The participation of Equatorial Guinea as co-lead for the February 2019 mission was in part related to the fact that during that month it was serving as President of the Security Council. 


Specifically with respect to the second leg of the mission, Equatorial Guinea has, since 2018, chaired the sanctions committee established pursuant to Security Council resolution 2048 (2012) concerning Guinea-Bissau.  Owing to that Committee’s focused study of factors affecting stability in Guinea-Bissau, including transnational organized crime, Equatorial Guinea brought important background to its role as co-lead with respect to that country.  In fact, one of the tasks the Council set for itself for the second leg of the mission was to evaluate the efforts made by the Guinea-Bissau authorities


“to implement and review national laws and mechanisms to more effectively combat transnational organized crime, in particular drug trafficking and money-laundering”. 
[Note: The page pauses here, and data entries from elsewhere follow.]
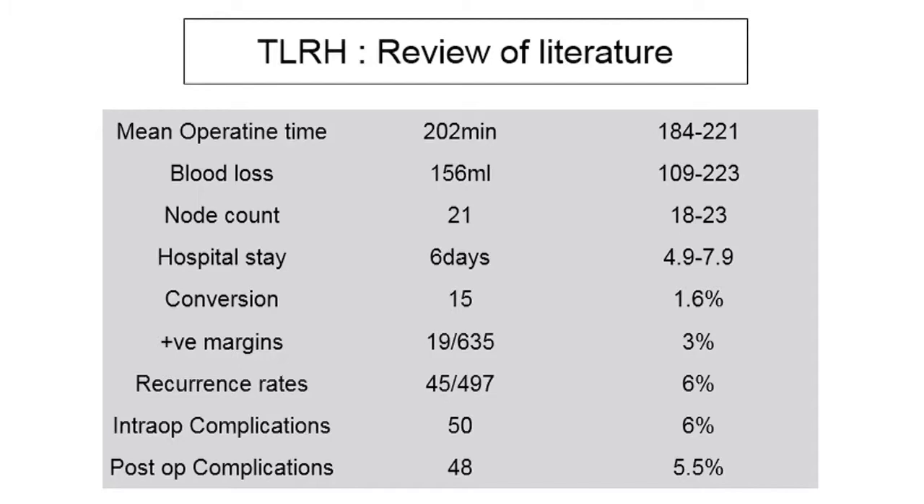From that review, the mean operating time was 202 minutes, blood loss was 156 ml, node count was 21, and average hospital stay was 6 days. The conversion rate was 1.6%, much lower than the 10-12% reported in the literature. Recurrence rates were acceptable at 6%, with about 6% intra-operative complications and 6% post-operative complications.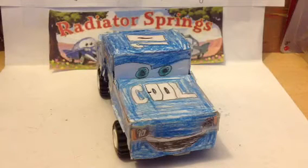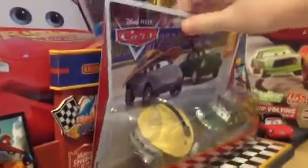Hey everyone, it's me, Henry Motorcoop, here from Collection TV.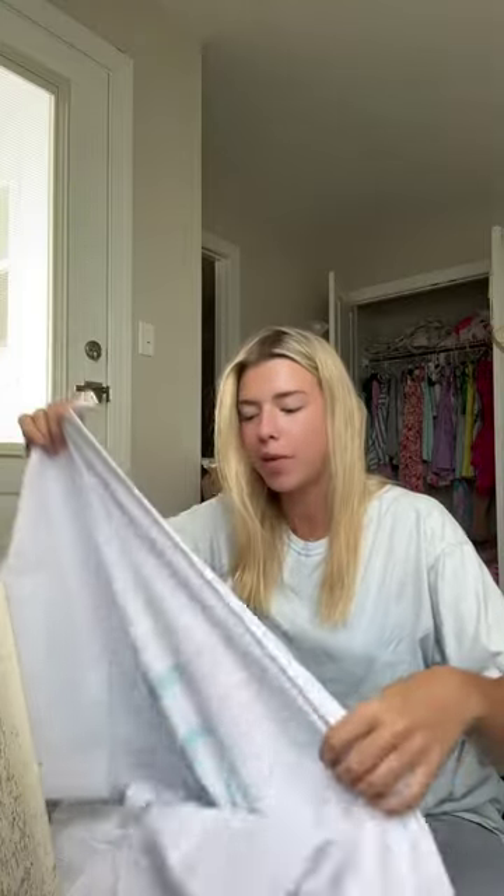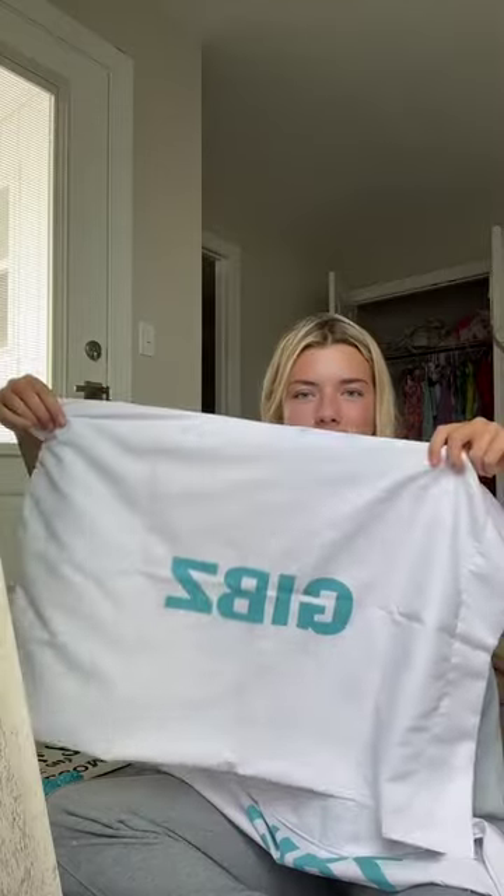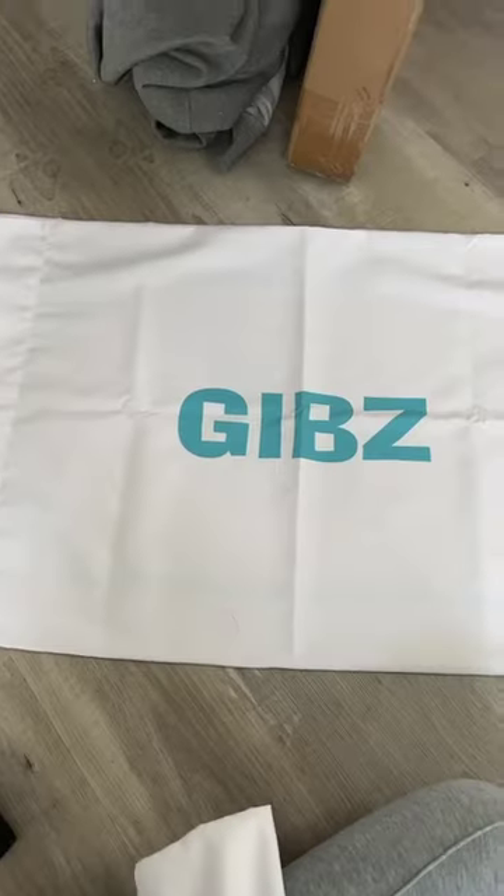I also got pillowcases for my bed and my roommate's bed. We customized them, and we are so back and forth between what we want to do because there are endless options. This set comes with two pillowcases each. This is my monogram, and then on the back, my nickname. Look how cute and look how fun.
The terms of reference point out that such crime is having an impact not only in Guinea-Bissau, but also threatens security and stability in the subregion.  Another task set by the Council for its stop in Guinea-Bissau was to “advocate strongly” for political dialogue towards the implementation of the Conakry Agreement and the ECOWAS road map within the agreed timelines, as well as for the preparation and conduct of free and fair elections,


It remains to be seen to what extent the Council’s February 2019 mission to West Africa has set a precedent for subsequent missions to the continent to be solely co-led by African Council members. 



(This update supplements pages 492-498 of the book.)


* For a list of all Security Council missions to the field from 1992 to present, see “Reports of the Security Council missions since 1992” on the UN Security Council website.  See also Table 7 (pages 41-50) in Security Council Working Methods: A Tale of Two Councils?, a Special Research Report published by Security Council Report.  (The visit by four Council members to Angola in 1992 has not been included in the Table accompanying the present article on this website because that visit was constituted as an “Ad hoc commission”.)

**Single African Council members have led missions to Africa, but only in special circumstances.  Ethiopia led the Council members when they went to Addis Ababa for the annual joint consultative meeting with the members of the AU Peace and Security Council, but no other countries on the continent were visited.  As is shown in the attached table, some visits to Africa in 1994 and 1995 were led by a sole African Council member, but this was before all 15 Council members began participating in missions to the field.